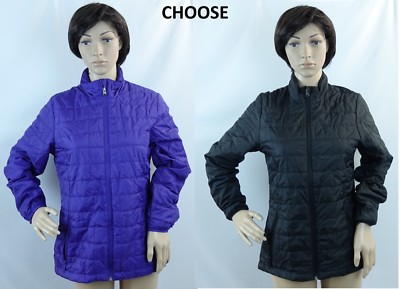 MAGELLAN women's packable purple/black thin zip puffer base layer jacket,S,M,L,X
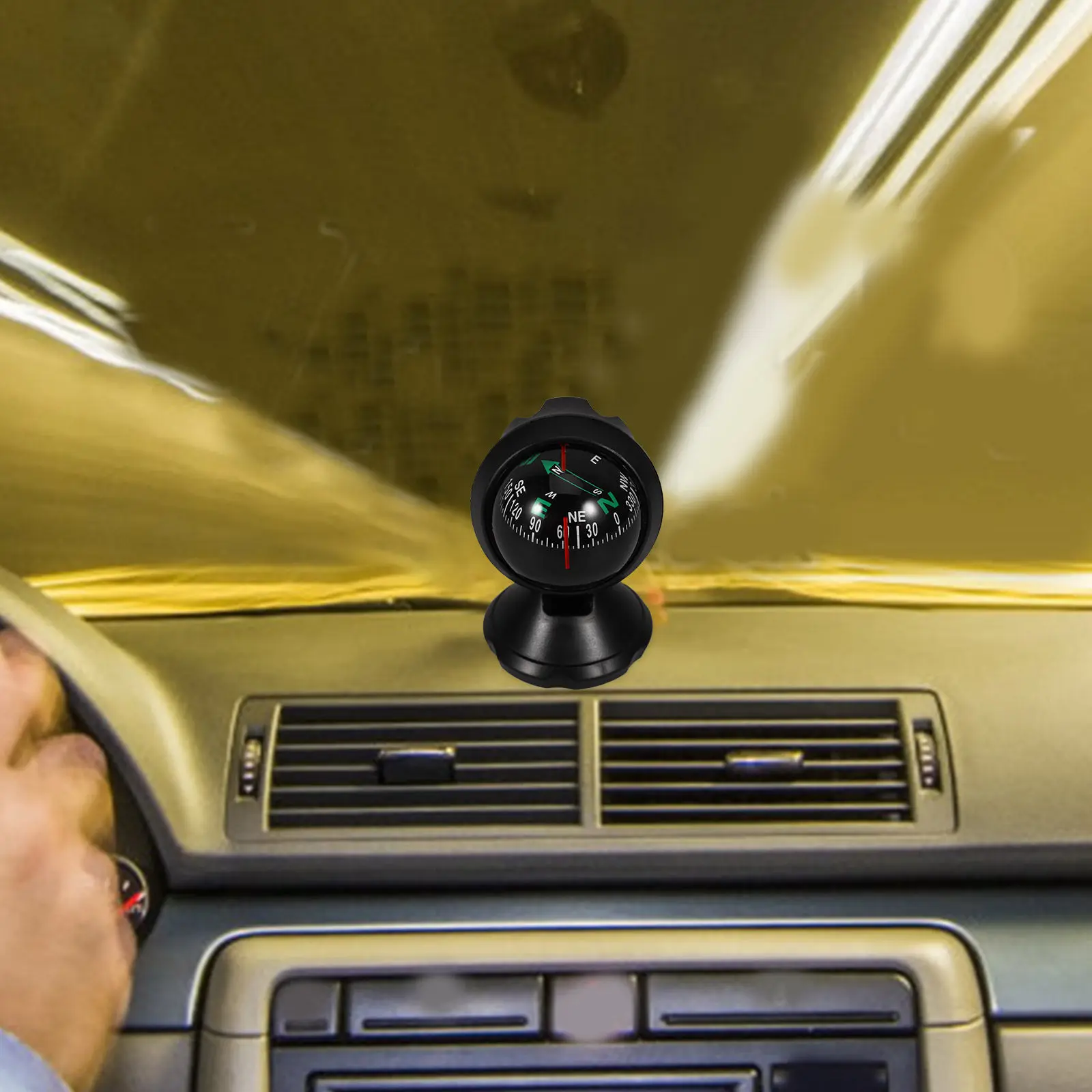 

Регулируемый мини-компас для автомобиля с клейким креплением, компактный шарообразный компас для навигации, определения направления, аксессуар для путешествий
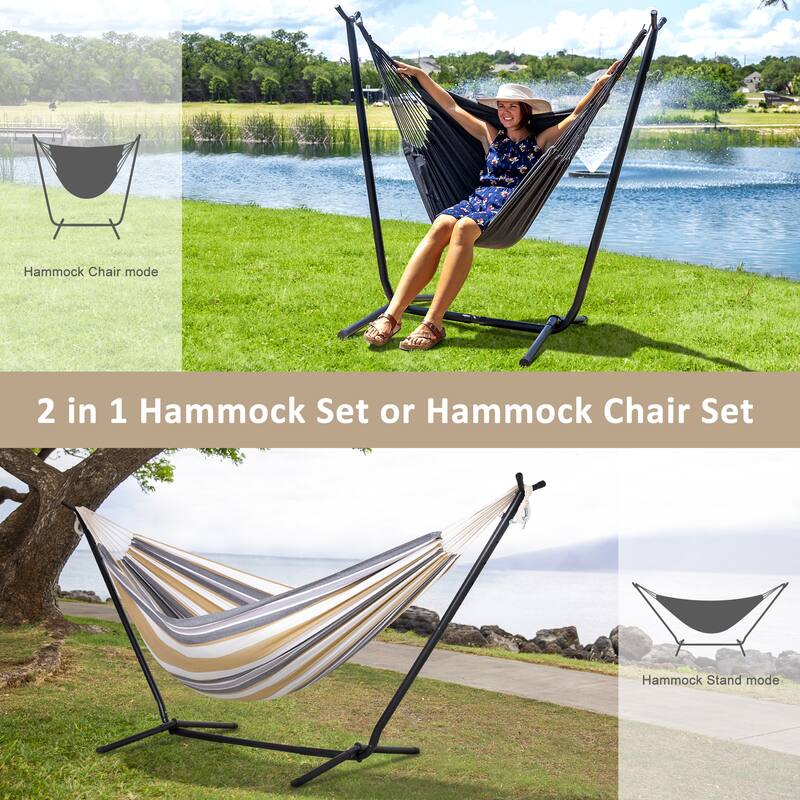 10.7 ft. 2-Person Brazilian-Style hammock with Stand - Convertible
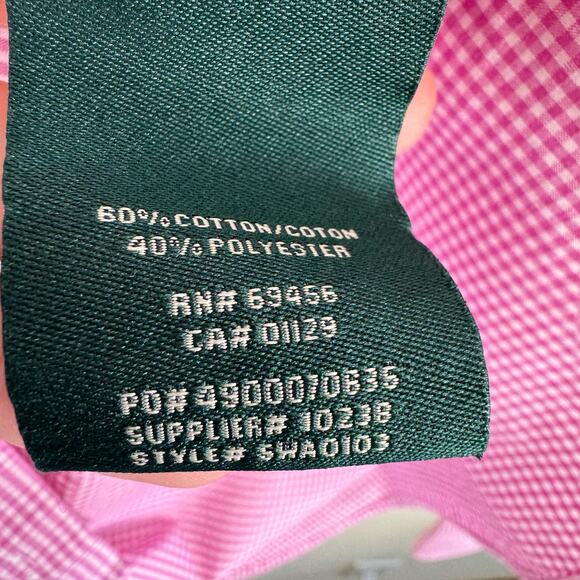 Lauren Ralph Lauren Pink White Checkered Long Sleeve Button Up Boy's Size 20 - Picture 6 of 6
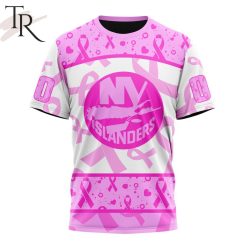 NHL New York Islanders Custom Name Number Breast Cancer Awareness Month T-Shirt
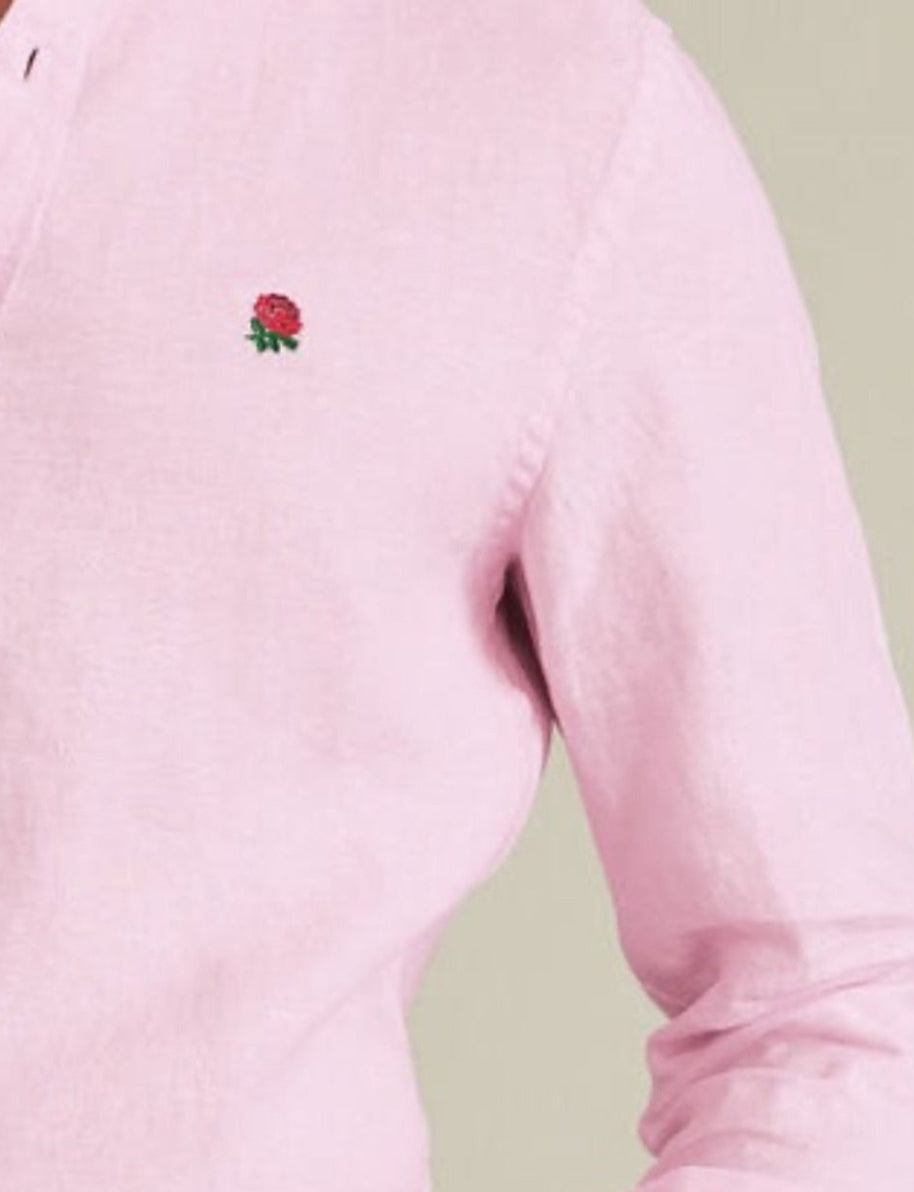 Charles Tyrwhitt England Rugby Pure Linen Shirt – Pink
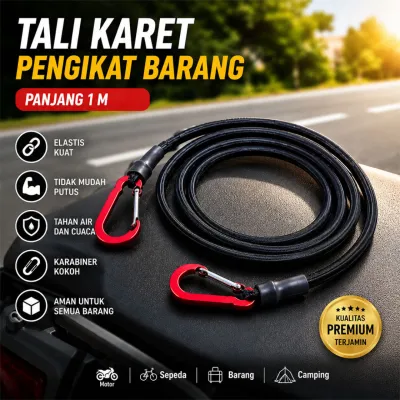 Tali karet pengikat barang motor panjang 1 meter Elastic Cord Strap
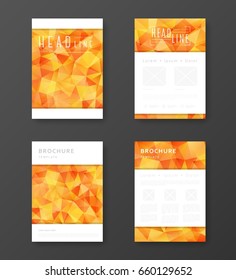 Brochure template layout with abstract polygonal background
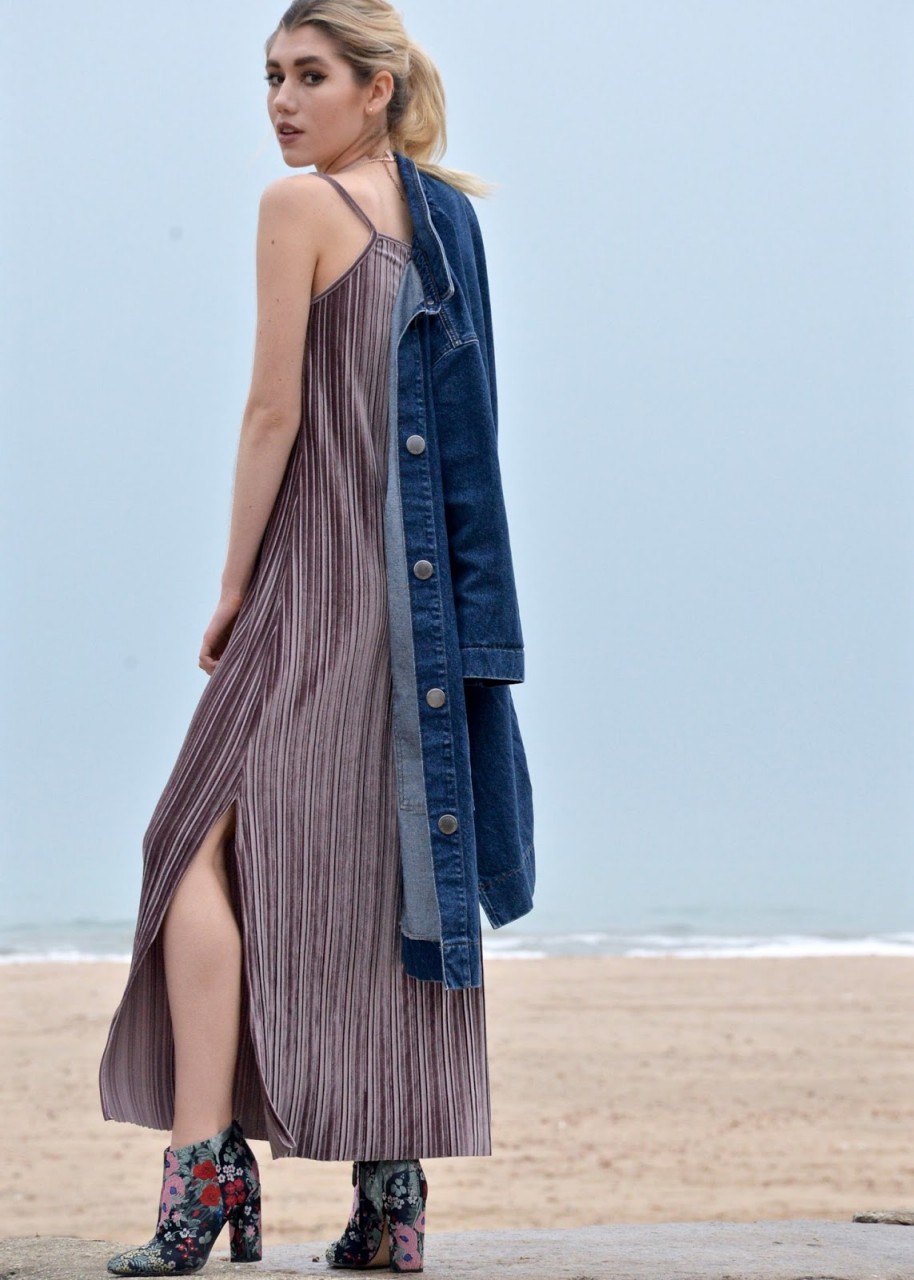 Blogger sharing how to wear a velvet slip dress for day time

** TASK TO COMPLETE **
Would you output the full listing exactly as it stands, minus the images?

** WRITTEN ANSWER **
 MAGELLAN women's packable purple/black thin zip puffer base layer jacket,S,M,L,X

Регулируемый мини-компас для автомобиля с клейким креплением, компактный шарообразный компас для навигации, определения направления, аксессуар для путешествий
 10.7 ft. 2-Person Brazilian-Style hammock with Stand - Convertible
 Lauren Ralph Lauren Pink White Checkered Long Sleeve Button Up Boy's Size 20 - Picture 6 of 6
 NHL New York Islanders Custom Name Number Breast Cancer Awareness Month T-Shirt
 Charles Tyrwhitt England Rugby Pure Linen Shirt – Pink
 Tali karet pengikat barang motor panjang 1 meter Elastic Cord Strap
 Brochure template layout with abstract polygonal background
 Blogger sharing how to wear a velvet slip dress for day time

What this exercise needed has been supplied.